The OFSTEDpaper, Making Inspection Work, will cover the timing, criteria and procedure for inspections of initial teacher training courses, following complaints about the controversial re-inspection of primary courses.
Universities complained then that they were being revisited too soon and that criteria for inspection and the documentation they were expected to produce were not sufficiently clear. Crucially, there was also confusion over the grades they were supposed to award students - something several colleges were failed on.
The paper will make these issues explicit. But it cannot address more fundamental complaints, that inspection is too frequent, time-consuming and expensive.
The document, consulted on for a year, is similar to that for school inspections, but the universities have had a greater role in its production than schools.
It arose from a working party which includes the Committee of Vice Chancellors and Principals, the Universities Council for the Education of Teachers, and the Standing Committee of Principals - as well as OFSTED and the Teacher Training Agency.

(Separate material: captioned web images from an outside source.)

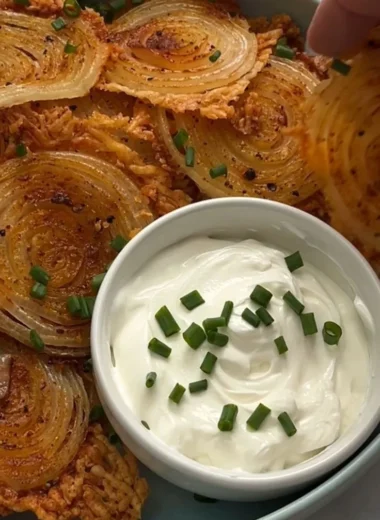 Crispy onion ring chips in a bowl, a tasty snack option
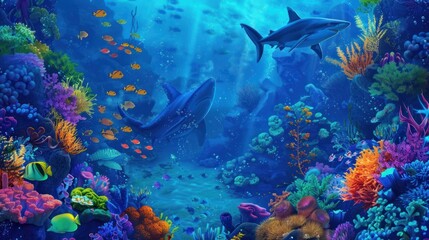 Obraz premium Underwater scene with colorful coral and sharks.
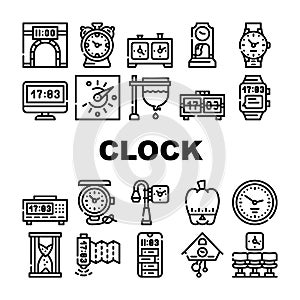 Clock And Watch Time Equipment Icons Set Vector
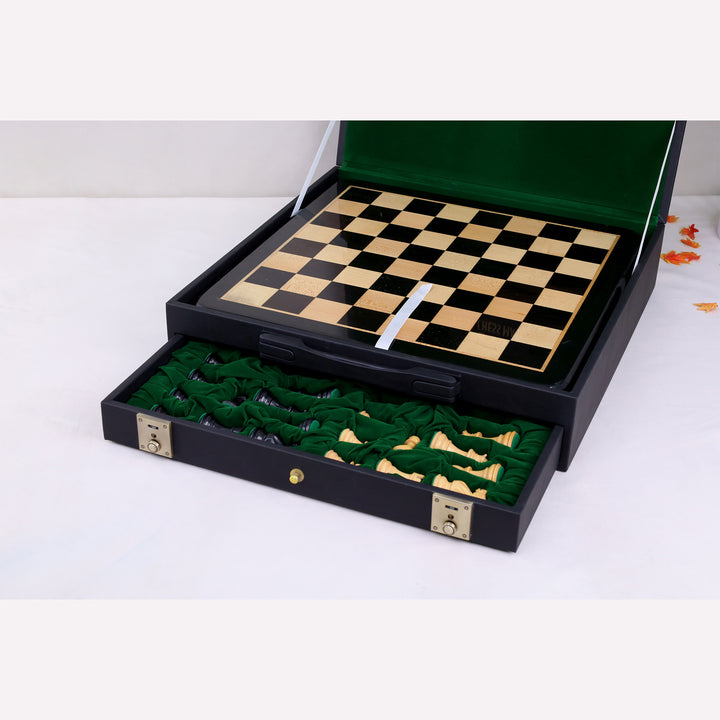 3" Professional Staunton Gift Chess Set - Pieces in Ebonized Boxwood with 17" Ebony Board & Storage Case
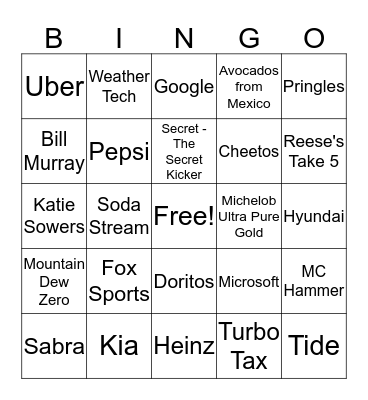 Superbowl Commercial BINGO Card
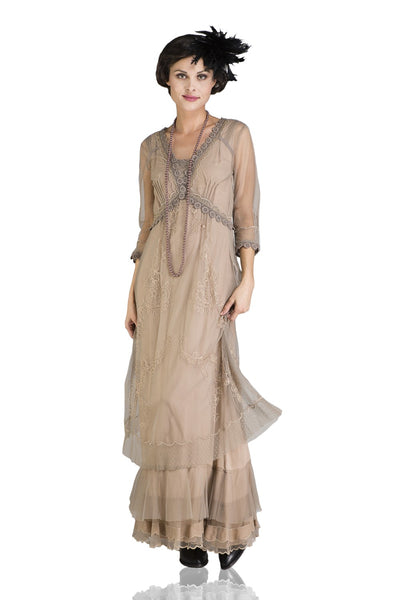 Audrey CL-407 Vintage Style Party Gown in Sand by Nataya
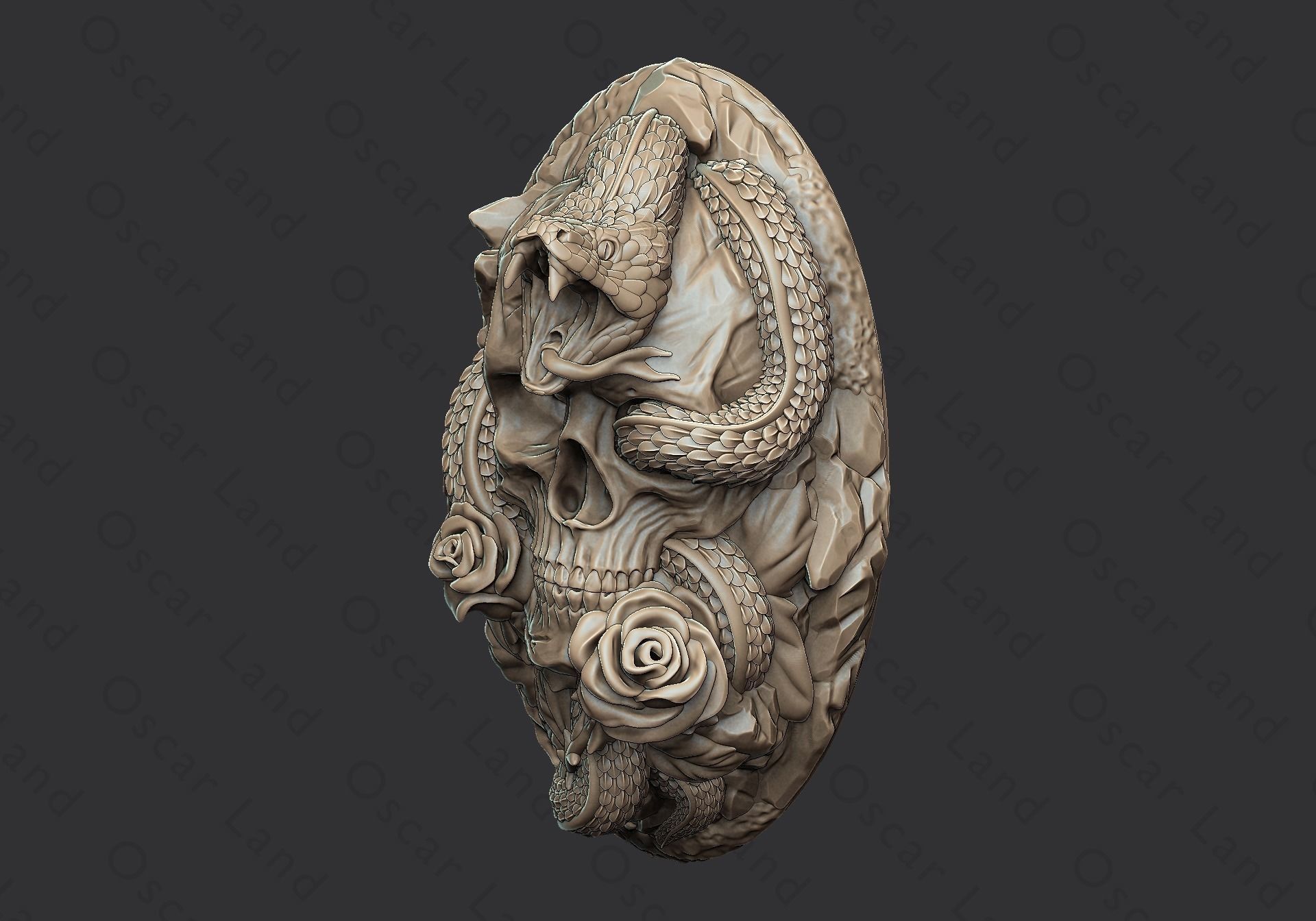 Snake medal1 or serpent mamba anaconda venum python poison devil 3D print model_4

Patricia Ambrose, executive secretary of SCOP, said: "There have been occasions when institutions felt they weren't given adequate notice. There are always worries about the kind of documentation inspectors might want, including issues of confidentiality.
"It will help clarify the position for institutions and OFSTED'S obligations. But it doesn't deal with the more contentious issues of methodology or frequency."
The document will set out the roles and responsibilities of the universities, OFSTED and the Teacher Training Agency, which uses inspection findings to allocate teacher training places.